Safety First Creating a Safer Environment for Residents Through Prevention

Safety. Security. These two little words can have a lot of different connotations for those living within, or providing management and other professional services to, a community association. From an engineer’s perspective, thoughts relating to this topic would naturally center on the physical environment and its relationship to the well-being of the individuals residing within a community. A safe physical environment is in itself a far-reaching category encompassing items ranging from proper maintenance of site elements, such as sidewalks and other walking surfaces, to engaging contractors who utilize best safety practices on construction sites.

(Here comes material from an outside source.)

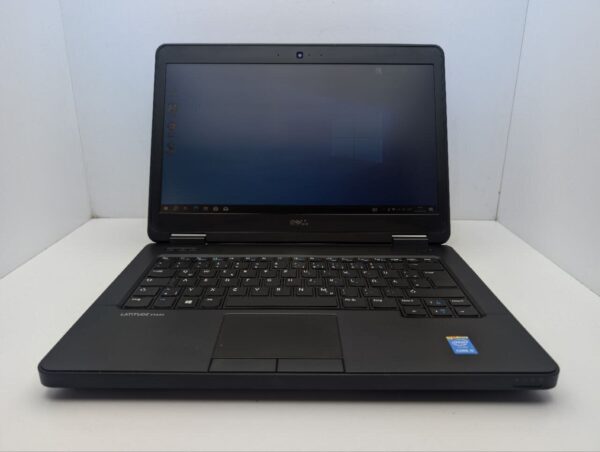 Ноутбук Dell Latitude E5440 / 14" (1366x768) TN / Intel Core i5-4310U (2 (4) ядра по 2.0 - 3.0 GHz) / 8 GB DDR3 / 120 GB SSD / Intel HD Graphics 5500 / WebCam - Зображення 2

It is common practice among property managers to perform regular visual observations of their community, even if they are simply in the form of an informal walk around the premises. It is recommended that, when performing an informal assessment of this type, a manager should particularly look for any conditions that may pose a safety hazard to residents. One common culprit, and a leading cause of on-site accidents involving tripping and falling, are walking surfaces including sidewalks, paved walkways, stoops and stairs.

Freeze and Thaw Cycle

Two natural elements—tree roots and water—are two of the main causes for the deterioration of walking surfaces. Tree roots can literally lift sidewalks, causing them to go out of alignment, and create an uneven surface for residents. Water can have the same effect when it infiltrates the sidewalk area, and subsequently goes through a cycle of freezing and thawing. Add freezing temperatures into the mix, and you have an icy slip-and-fall waiting to happen.

Other site elements that may be considered to fall into the category of aesthetics, but actually contribute largely to a community’s safety, are lighting and landscaping. Well-maintained lighting and grounds can create a space that provides overall protection from any potential threats from other persons. Additionally, certain landscape elements can themselves prove to be a personal safety hazard if not properly tended to. For example, New Jersey residents have experienced several large storms that brought down a number of trees and tree branches. After such storms, it is important for managers to also look up in making their informal community assessment. Are there any tree limbs dangling precariously over areas where residents walk or park their cars?